In this tutorial we will open some geospatial data that is stored in a netCDF file. We will select the variable and time range of interest, and we will export the data to a GeoTIFF so that we can continue the analysis in R or other geospatial software.

An example NetCDF dataset

First, we need some data to play with. As an example, we will use some data on trends in vegetation greenness in the Arctic. This data is available from the ORNL DAAC at the following link: https://doi.org/10.3334/ORNLDAAC/1275

This dataset provides normalized difference vegetation index (NDVI) data for the Arctic growing season derived primarily with data from Advanced Very High Resolution Radiometer (AVHRR) sensors onboard several NOAA satellites over the years 1982 through 2012. The NDVI data, which show vegetation activity, were averaged annually for the arctic growing season (June, July and August) in each year. The data are circumpolar in coverage at 8-km resolution and limited to greater than 20 degrees N.

The data citation is: Guay, K.C., P.S.A. Beck, and S.J. Goetz. 2015. Long-Term Arctic Growing Season NDVI Trends from GIMMS 3g, 1982-2012. ORNL DAAC, Oak Ridge, Tennessee, USA. https://doi.org/10.3334/ORNLDAAC/1275

Specifically, we will use the file “gimms3g_ndvi_1982-2012.nc4”" from this dataset.
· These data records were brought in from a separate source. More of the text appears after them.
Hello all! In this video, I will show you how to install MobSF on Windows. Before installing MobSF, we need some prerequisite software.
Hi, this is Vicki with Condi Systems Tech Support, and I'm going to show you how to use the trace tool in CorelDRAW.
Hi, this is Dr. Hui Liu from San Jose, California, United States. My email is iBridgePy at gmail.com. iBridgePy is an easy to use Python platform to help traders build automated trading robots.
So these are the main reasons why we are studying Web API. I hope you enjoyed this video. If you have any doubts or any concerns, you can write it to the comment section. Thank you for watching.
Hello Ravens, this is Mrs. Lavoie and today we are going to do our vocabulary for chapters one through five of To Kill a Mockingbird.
Go download it. You will need to log in using your NASA Earthdata login.

Remember to place the file into the same working directory where your R script is located.
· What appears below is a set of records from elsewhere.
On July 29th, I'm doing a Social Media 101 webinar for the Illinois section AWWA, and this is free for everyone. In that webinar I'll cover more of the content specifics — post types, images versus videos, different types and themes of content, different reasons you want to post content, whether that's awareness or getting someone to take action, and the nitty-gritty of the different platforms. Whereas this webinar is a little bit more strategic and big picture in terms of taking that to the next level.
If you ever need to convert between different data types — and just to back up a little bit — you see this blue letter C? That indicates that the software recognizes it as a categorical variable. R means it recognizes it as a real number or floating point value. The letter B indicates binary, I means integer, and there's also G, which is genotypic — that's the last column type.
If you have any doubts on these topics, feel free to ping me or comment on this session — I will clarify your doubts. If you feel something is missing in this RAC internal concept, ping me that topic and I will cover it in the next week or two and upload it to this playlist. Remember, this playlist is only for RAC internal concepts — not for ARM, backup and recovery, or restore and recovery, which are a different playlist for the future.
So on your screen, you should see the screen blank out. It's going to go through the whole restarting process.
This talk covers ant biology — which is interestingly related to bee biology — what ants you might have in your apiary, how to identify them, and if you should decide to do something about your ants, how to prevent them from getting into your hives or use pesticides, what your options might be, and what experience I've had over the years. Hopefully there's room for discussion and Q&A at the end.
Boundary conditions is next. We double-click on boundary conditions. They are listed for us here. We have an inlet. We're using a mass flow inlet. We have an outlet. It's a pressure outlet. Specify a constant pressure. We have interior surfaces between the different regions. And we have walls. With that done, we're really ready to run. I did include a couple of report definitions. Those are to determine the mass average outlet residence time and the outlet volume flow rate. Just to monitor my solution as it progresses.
Load the required R packages

Reading data stored in netCDF files is quite straightforward in R, provided that you load the appropriate packages. You may need to install these packages if you have not used them before.

library(ncdf4) # package for netcdf manipulation
library(raster) # package for raster manipulation
library(rgdal) # package for geospatial analysis
library(ggplot2) # package for plotting

Read in the netCDF file contents

Use nc_open to read the data into a data structure I called nc_data. Print the metadata about this file to a text file.

nc_data <- nc_open('gimms3g_ndvi_1982-2012.nc4')
# Save the print(nc) dump to a text file
{
    sink('gimms3g_ndvi_1982-2012_metadata.txt')
 print(nc_data)
    sink()
}

From this output we see that there are two variables: time_bnds, which contains the start and end date of each observation, and NDVI, which is the variable of interest. NDVI has three dimensions: [lon,lat,time].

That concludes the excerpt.